The CSS file in this example creates two classes of the P element: the warning class and the danger class. Note that the actual class name is "warning," not "P.warning." The "P.warning" syntax is used in the CSS file to identify the element (P) and the class (warning). In your HTML document, all you need to do is use a P element with the class attribute set to "warning," like this:
<P class="warning">This is a warning</P>
Style Sheet Use for Information Producers
Because any HTML document can link to a style sheet, a style sheet gives you a single place to specify the appearance of an entire set of Web pages. Thus, you can use style sheets to efficiently create a consistent look and feel for your Web pages and change this look and feel quickly and easily.
For example, many HTML writers like to indent the first line of each
paragraph by five spaces. To do this, they would place the
entity five times at the start of each paragraph.
This worked fine for pages generated by HTML editors, or even on a
small scale for hand-prepared HTML pages. But what if the web
designer decided that the paragraphs should not have the first line
of each paragraph indented? It would be a laborious process to have
to go through all the pages of the web to remove the
entities. Instead, you could put this line in your
style sheet to ident every paragraph in your document by 10 pixels:
P {text-indent: 10px;}
Style Sheet Use for Consumers
The people who use your Web pages will need to have the latest versions of the popular Internet Explorer (3.0 or above) or Netscape Navigator (4.0 or above) in order to see the style effects. If your users don't have these style-enabled browsers, they won't see all the effects you create.
Therefore, in using style sheets, like many other kinds of new HTML elements that have come before, you will need to be sensitive to users who do not have the most current Web browser software. With a little common sense and creativity, however, you'll find that you can still meet the needs of users who cannot use the style sheets.
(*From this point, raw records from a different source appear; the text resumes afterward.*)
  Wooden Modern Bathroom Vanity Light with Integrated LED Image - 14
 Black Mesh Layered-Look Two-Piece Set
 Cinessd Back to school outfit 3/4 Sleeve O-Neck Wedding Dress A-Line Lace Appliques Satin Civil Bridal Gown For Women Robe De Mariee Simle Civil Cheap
In fact, by using style sheets, you can avoid much of the kind of syntax gymnastics that HTML writers have had to put into their pages to make things "look right." The result is that your HTML pages can be leaner and cleaner. You can separate style from substance. Instead of diddling with your Web pages to make them look a certain way, you can focus more on what your Web pages mean.
Things to keep in mind
- With style sheets, you have the ability to fiddle with the appearance of every HTML element in your document. For aesthetic reasons, resist this urge.
- Name your classes after the meaning they serve, not their appearance.
- Think carefully about how you name style sheets. You can reference several style sheets in the same document, so you can create a set of modular style sheets that can be used by different collections of documents.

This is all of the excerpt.